David Marcus, Head of Calibra: Libra Won’t Compete with Central Banks

David Marcus, Head of Calibra: Libra Won’t Compete with Central Banks

David Marcus, head of Calibra, attempted to dispel concerns about Libra during Tuesday’s hearing before the US Senate Banking Committee. In the hearing speech, Marcus shed more light on the general direction Libra was taking, regarding its legal status and approach to privacy.

Regarding the potential for Libra to become a private currency and compete with sovereign monetary policy by creating a secondary economy, Marcus stated this will not be the case:

“It [the Libra Association] will work with the Federal Reserve and other central banks to make sure Libra does not compete with sovereign currencies or interfere with monetary policy. Monetary policy is properly the province of central banks.”

The other concern about Libra is that it will honor the Bank Secrecy Act, as well as customer screening (KYC) and anti-money-laundering (AML) procedures. The Libra Association will run under the oversight of Switzerland’s financial regulator, the Financial Market Authority (FINMA).

The Libra Association also plans to register with the U.S. Treasury Department’s Financial Crimes Enforcement Network (FinCEN), to comply with US-based regulations.

The third chief concern was about user privacy and data gathering, exacerbated by Facebook’s history of gathering data and the Cambridge Analytica scandal. The Calibra entity will not share user data of any kind with the Libra Association members, said Marcus.

“The Association will not separately hold any personal data on people who use the blockchain, no matter how it otherwise could be collected, and will not run any infrastructure. As a result, the Association cannot, and will not, monetize data on the blockchain,” he said.

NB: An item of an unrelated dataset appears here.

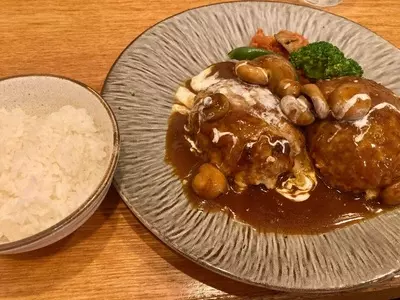 俺のハンバーグ 渡なべ （【旧店名】俺のハンバーグ シュシュ渡辺）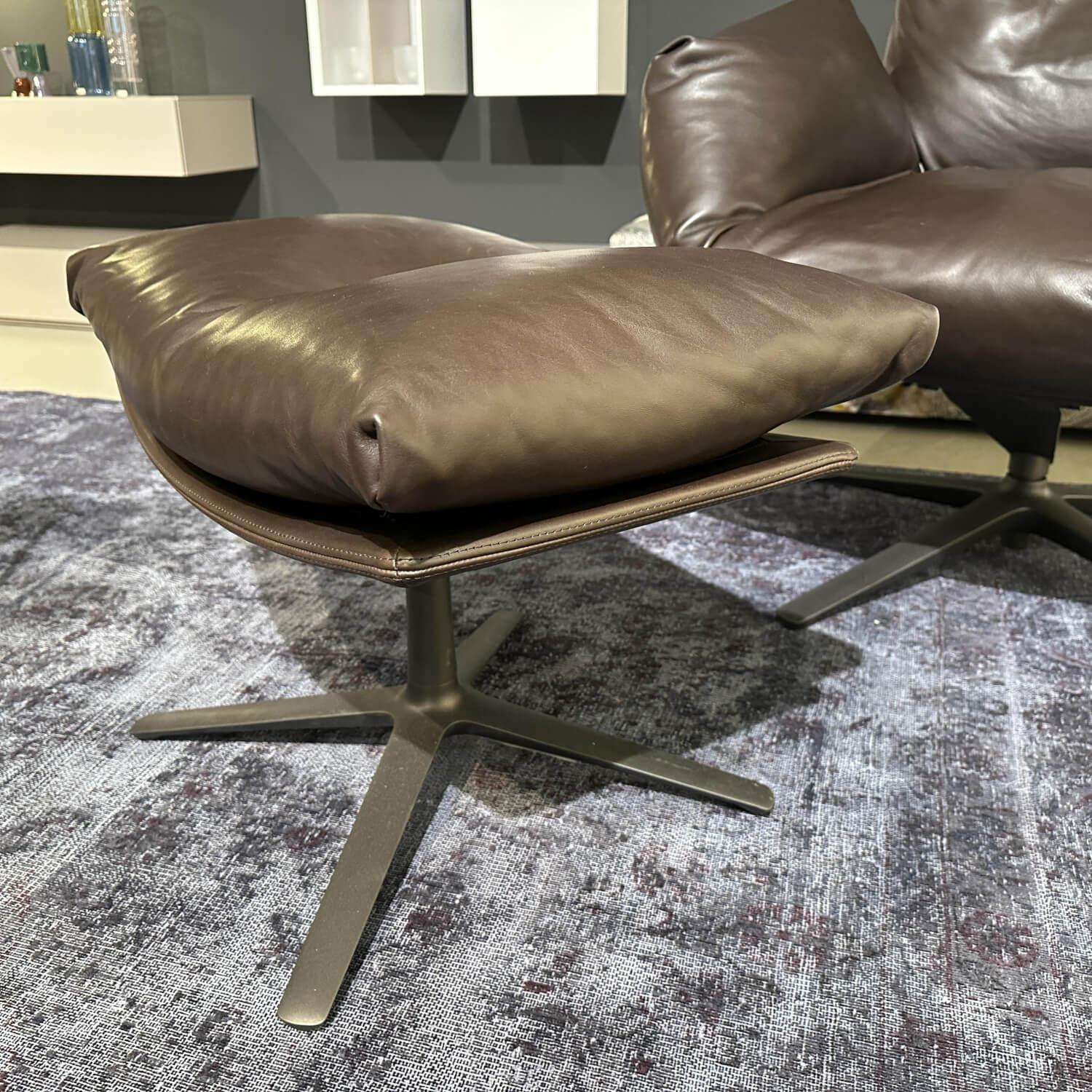 COR - Drehsessel Cordia Lounge Leder Puro Espresso Gestell Feinstruktur Schwarzbraun mit Hocker - 5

Presumably, the KYC data will be separate from blockchain usage data, which will only reveal the public addresses and the transaction.

For now, it is still uncertain whether Facebook’s drive to issue a digital asset would have a positive or negative effect on existing digital coins. The chief fears are that there may be even stricter regulations for all types of digital assets. However, the optimistic position is that Libra will help the case for digital assets.